Your map is surjective if and only if the ideals $(q_i)$ are pairwise coprime (Proposition 1.10 ii, in Atiyah and MacDonald). Try to prove it for $n=2$ first, that is: if $I,J$ are ideals of $R$ such that $I+J=R$, then $R \to R/I \oplus R/J$ is surjective.
Here is a hint. Write $1=i+j, i\in I, j \in J$, and then, given $([x]_I,[y]_J)$, consider
$$r \;:=\; xj+yi \;=\; x(1-i) + y(1-j).$$
When $n \geq 3$, fix $i$ between $1$ and $n$, and let $u_{i,j} \in (q_i), v_{i,j} \in (q_j)$ such that $u_{i,j} + v_{i,j} = 1$, when $i \neq j$.

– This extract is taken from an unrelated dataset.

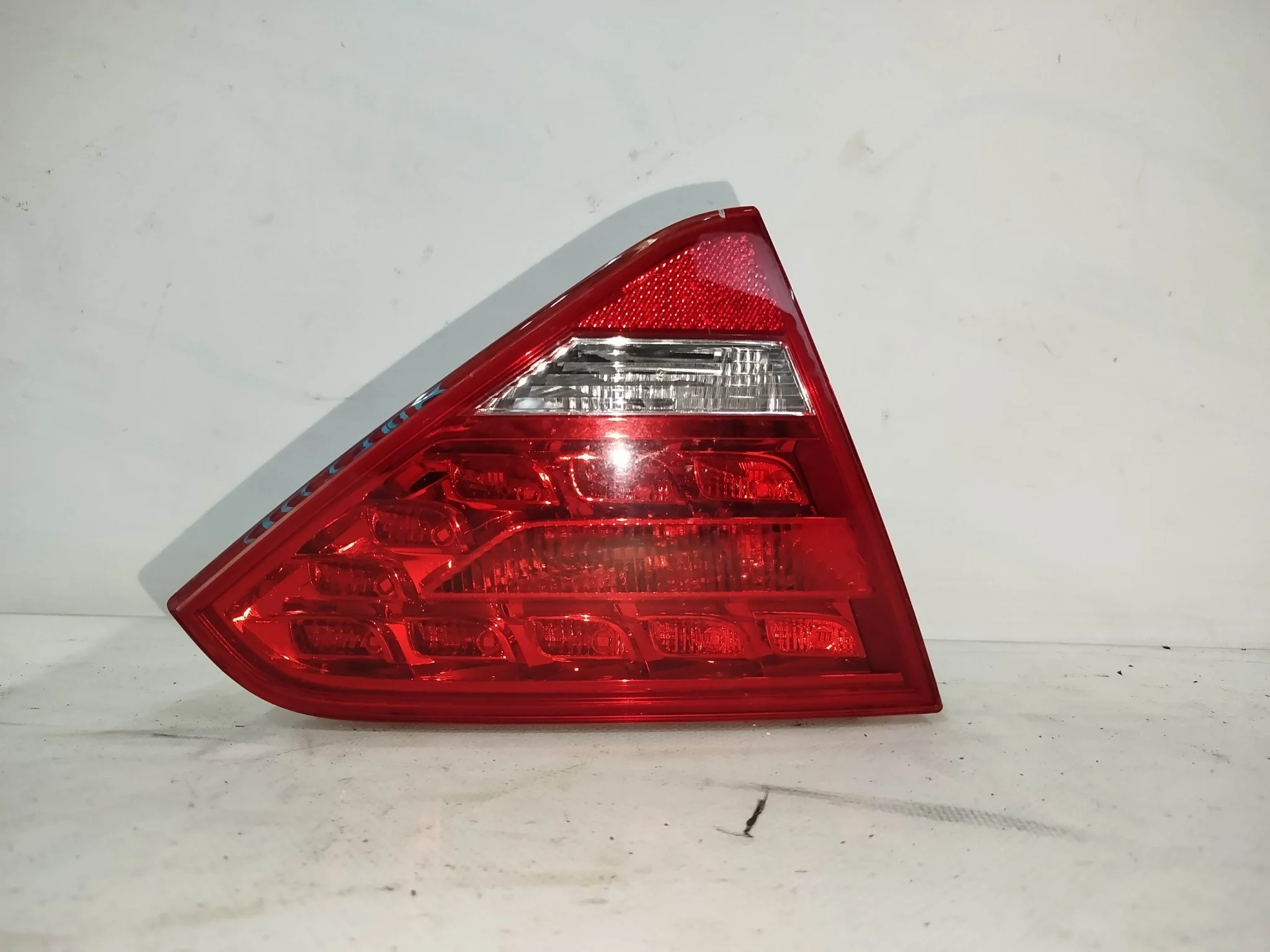ФАЛЬШПАНЕЛЬ AUDI A5 8TA 2626 LIFTBACK ПРАВАЯ 1 МОДЕЛЬ 8T0945094A NA7460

Then, given $([x_1]_{(q_1)}, \dots, [x_n]_{(q_n)})$,
you can define
$$r \;:=\;
x_1 a_1 + \dots +
x_n a_n
$$
with $1-a_i \in (q_i)$ such that $a_i \in \bigcap_{j \neq i} (q_j)$, for instance
$$
a_i \;=\; \prod_{j \neq i} v_{i,j}
\;=\; \prod_{j \neq i} (1-u_{i,j})
\;\equiv\; \prod_{j \neq i} 1 \equiv 1 \pmod{(q_i)}
$$
(If $R$ is a PID, then any non-zero prime ideal is maximal, so $(q_i) + (q_j) = R$ as long as $i \neq j$ and the $(q_i)$'s are prime ideals. Therefore you can apply what I've said in the previous paragraph.)